Location: Oslo, Norway
Architect: CF Møller
Mechanical Engineer: Multiconsult AS and SWECO AS
Opening Date: 2008
Beds: 570
Estimated EUI:60 KBtu/SF•year
Akershus was completed in the Fall of 2008 and is a more recent example of the contemporary horizontal pavilion style hospital. It was designed by CF Møller and displays their Danish design roots in its clean, straight lines in comparison to the more organic nature of Rikshospitalet. This hospital demonstrates that this form with horizontal adjacency between treatment block and patient wings is still relevant for the Norwegian hospital system.
The hospital form is similar to Rikshospitalet, but the systems approach is even more contemporary in this example. 40% of the heating and cooling for the hospital is renewable energy using a combination of ground source heat pumping and seasonal energy storage.
The state-of-the art systems include a closed loop ground source heat pump with 350, 200 Meter bore holes. The project also re-captures waste heat from systems equipment, medical equipment, lighting, people, and other internal heat generators. In this sense, this project has solved the thermodynamic equation, thus saving a substantial amount of energy.
Patient corridors are organized in clusters where each group has seven patient rooms, with three single and two double rooms. Each cluster has a workstation for staff that has borrowed light, captured from above the bathrooms in the patient rooms. Between the clusters in the corridor is a lounge space for patients, family, and staff with an accessible outdoor deck.
Location: Trondheim, Norway
Architect: MedPlan AS and Narud Stokke Wiig
Mechanical Engineer: COWI
Opening Date: Phase I, 2004-6; Phase II, 2009-15
Beds: 802
Estimated EUI: 100-117 KBtu/SF•year (2007)
St. Olav’s Hospital in Trondheim Norway is an example of a contemporary hospital using the unbundled approach, keeping “community placemaking” in mind. Here, the horizontal concept is pushed even further than the horizontally opposed hospitals, with buildings spread apart (unbundled) into separate distinct centers of care. These centers of care act as individual hospitals, while maintaining connectivity between the campus at the second level via sky bridges and underground through service functions. Each of the buildings preserves its own unique architectural character allowing the buildings to be recognized and distinguished from one another while softening the potential overwhelming institutional rhythm that might otherwise be created in such a large facility
The Women and Children’s Centre here is a great example of providing outdoor space and views within an urban setting. Every opportunity is taken to create spaces to be outside, throughout the hospital.
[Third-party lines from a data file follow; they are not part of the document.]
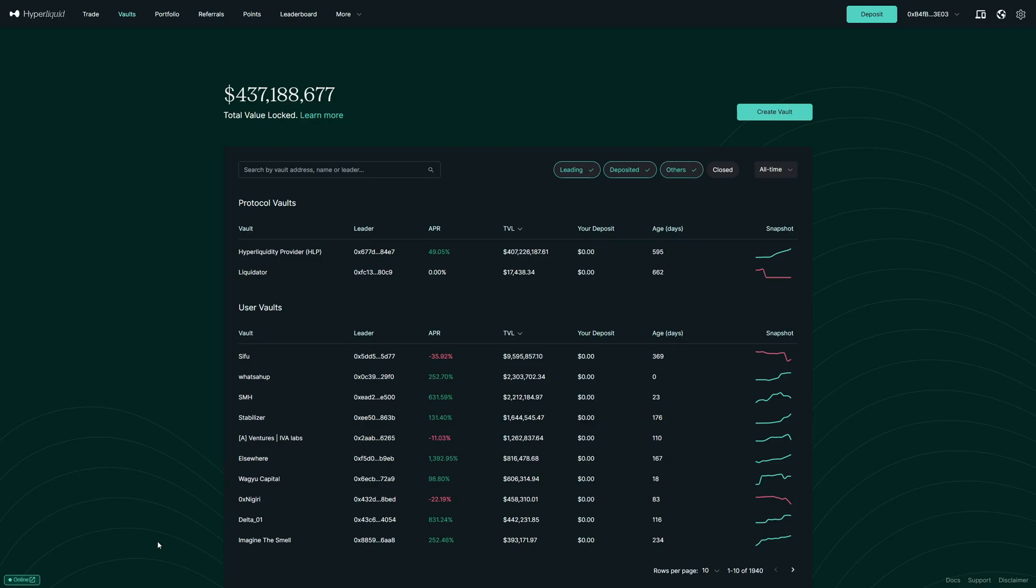In this step-by-step tutorial, I will show you how you can start copy trading on Hyperliquid with their vault functionality. Hyperliquid vaults offer an easy way to copy other traders. We can analyze their performance and pick the best traders to copy.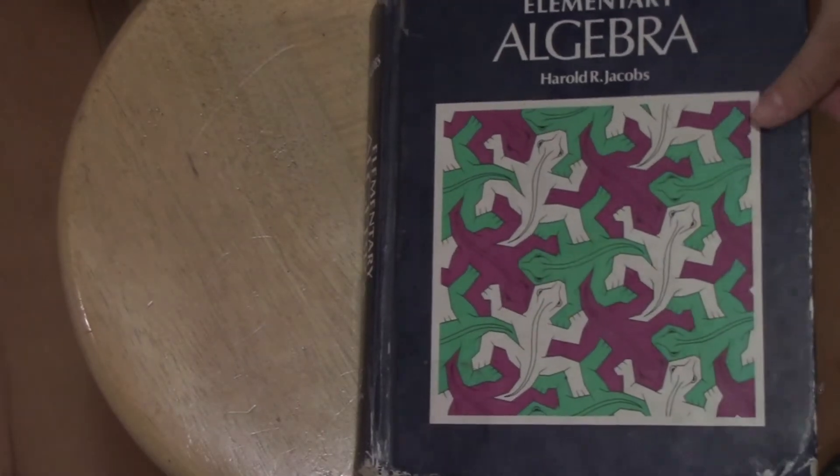Welcome to a look inside Harold Jacobs Elementary Algebra book. This is an algebra book from the middle of the last century, so it's one of the older, more traditional algebra books. This one is actually from a pretty early printing of it.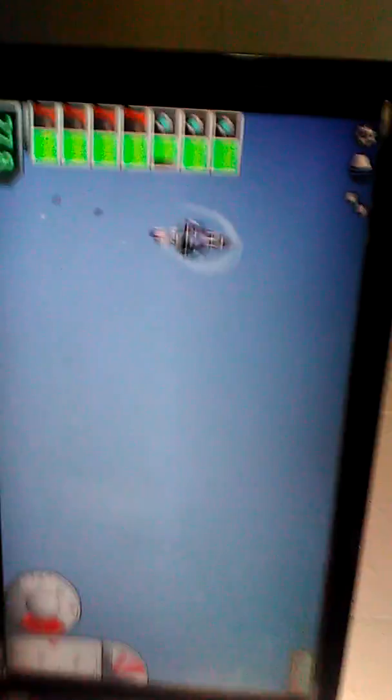Alright, now we're firing, sorry. Oh crap, I did like a 360. I did another 360, guys.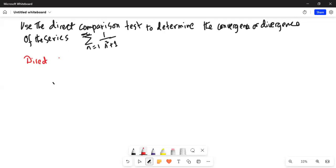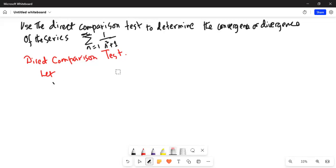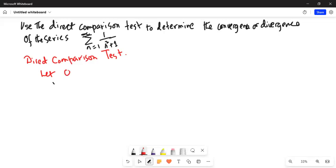Direct Comparison Test. Let 0 less than a_n less than or equal to b_n for all n.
It is a thin plan building that wraps around a large central courtyard. Patient rooms open directly onto decks or terraces. Generous windows daylight the patient rooms and provide light in the surgery suites. Daylight is controlled on all of the façades with automated exterior louver blinds that are automated with the movement of the sun. Micro-adjustments allow for personal control.
Location: Oslo, Norway
Architect: MedPlan AS
Mechanical Engineer: COWI
Opening Date: 2001
Beds: 585
Estimated EUI: 117 KBtu/SF•year (2007)
Rikshospitalet showcases the shift in typology from a predominantly vertical distribution to a horizontal distribution. This contemporary pavilion hospital draws its inspiration from Victorian hospital models, adapted to today’s contemporary practice. This is the large National University research hospital that serves specialized patients from all over Norway. The philosophy that permeates the design is an environment that is for people. Its functional areas are organized as if the building is a town unto itself.
The patient wings and diagnostic and treatment areas in this hospital are horizontally opposed, and circulation between the two occurs on sky bridges that span the interior street. This shift in form creates the opportunity for plan-enclosed courtyards in the diagnostic and treatment area of the hospital, allowing daylight and views into spaces such as surgery and imaging.
This form incites a challenge in the floor-to-floor height variation between the treatment building and patient wings. In this example, the treatment floors are layered with interstitial floors so that they match up with the patient wing floors. In this case, the challenge becomes a benefit for the hospital. These interstitial floors allow for easy maintenance of systems, fast re-construction, and limit the disruption that occurs on the clinical floors.
Patient rooms use displacement ventilation rather than a traditional overhead mixing system to deliver fresh air to the room and the Interior Street is naturally ventilated.